BRIEF
Reproduce exactly the entries from the "Loewe Logo Box Sunglasses In Gray" line to the end. Skip all pictures.

──────────────────────────────

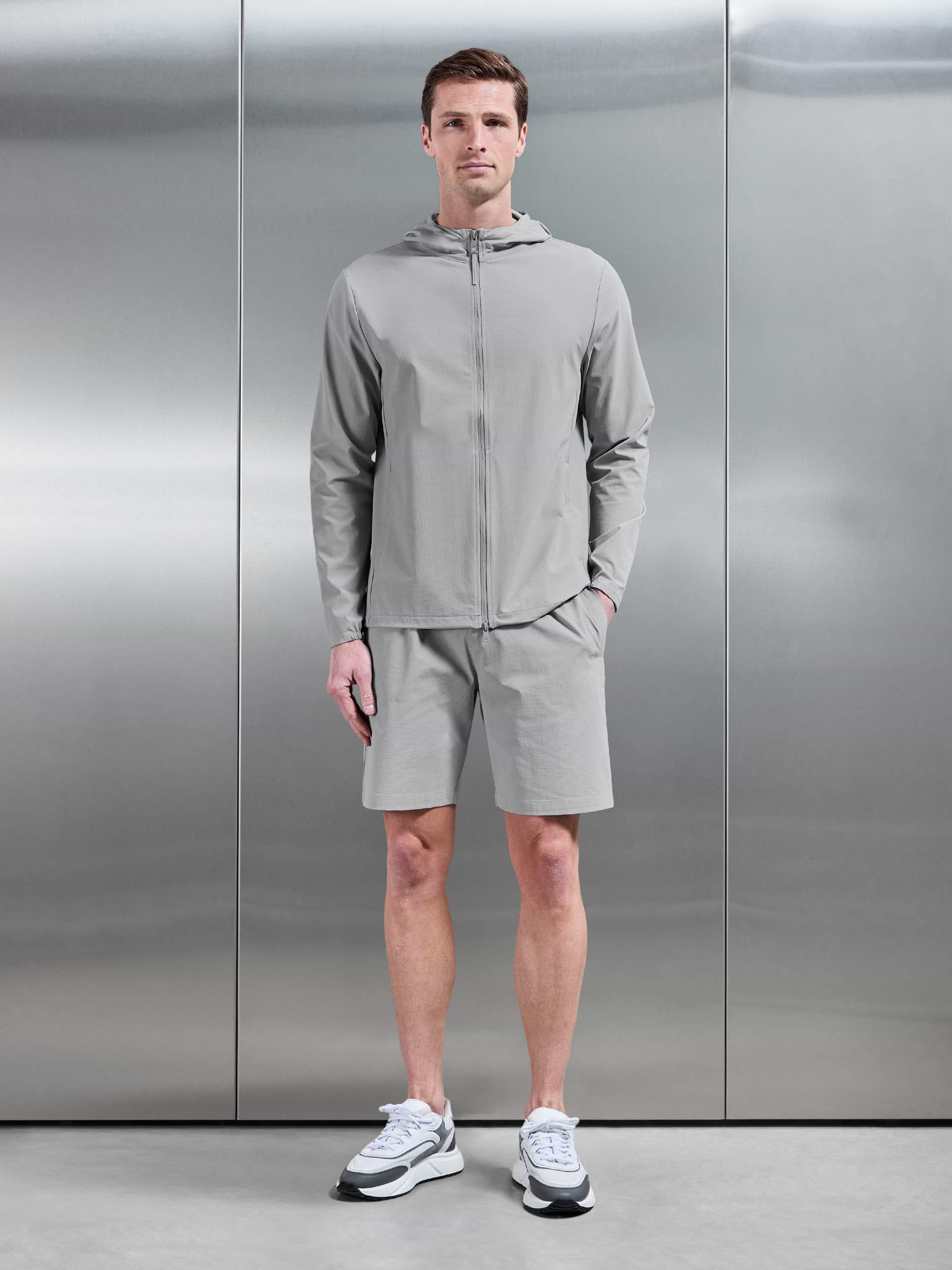 Mens Active Technical Short in Mid Grey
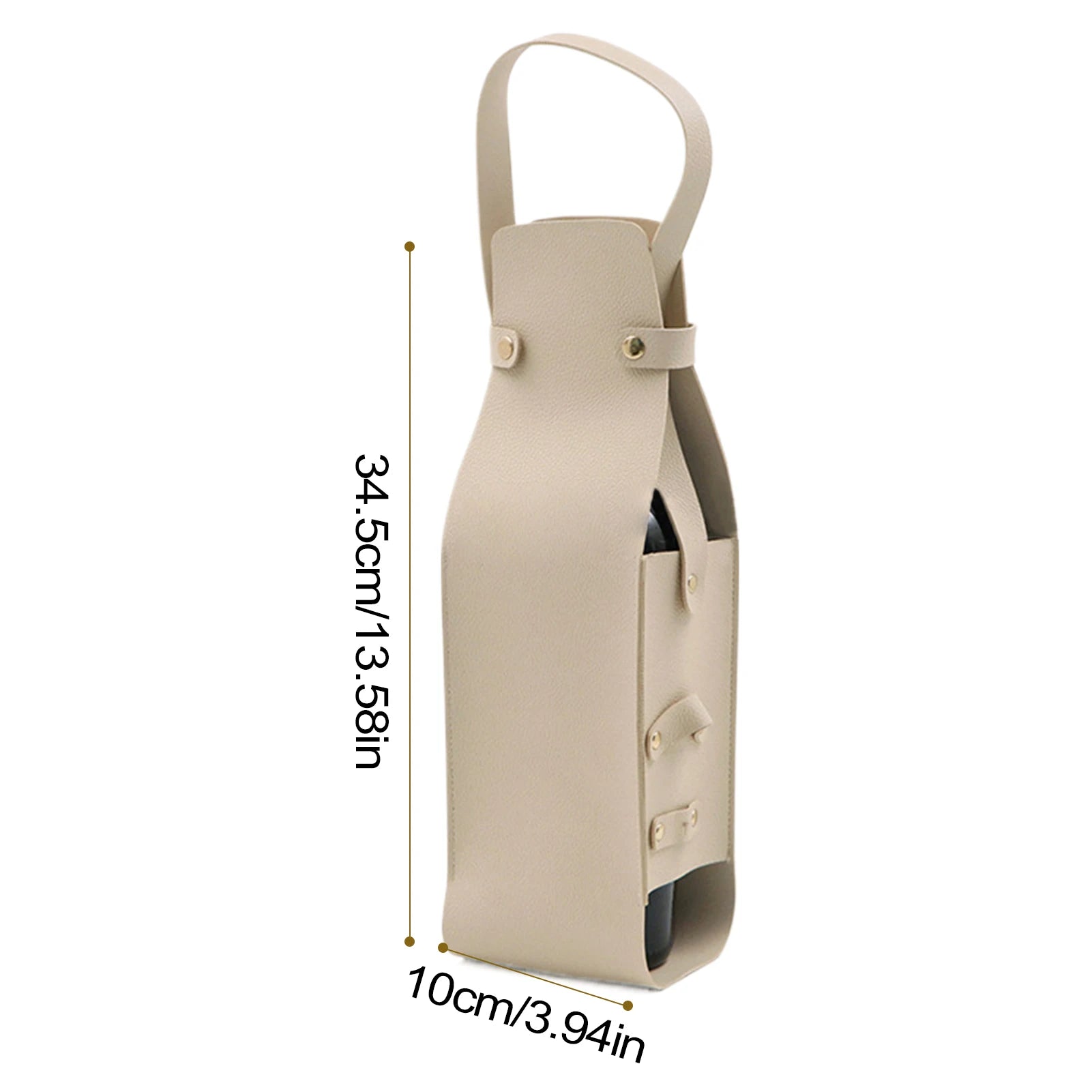 Wine Tote PU Leather Wine Holder Carrying Case Wine Carrier with Handle Liquor Bottle Carrier Carry-On Pouch Travel Wine Bag Oasis Select WHITE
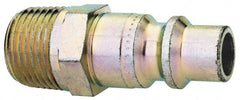 CEJN - 3/8 Male NPT Industrial Pneumatic Hose High Flow Connector - Steel Zinc-Plated, 3/8" Body Diam - Exact Tooling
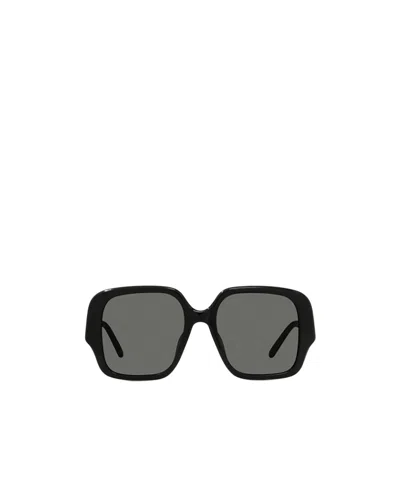 Loewe Logo Box Sunglasses In Gray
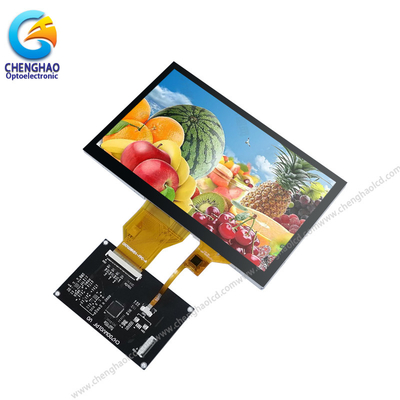 Medical 7 Inch Capacitive Touch Screen Display 400 Nits 800x480 SPI Interface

──────────────────────────────

ANSWER SECTION
 Loewe Logo Box Sunglasses In Gray
 Medical 7 Inch Capacitive Touch Screen Display 400 Nits 800x480 SPI Interface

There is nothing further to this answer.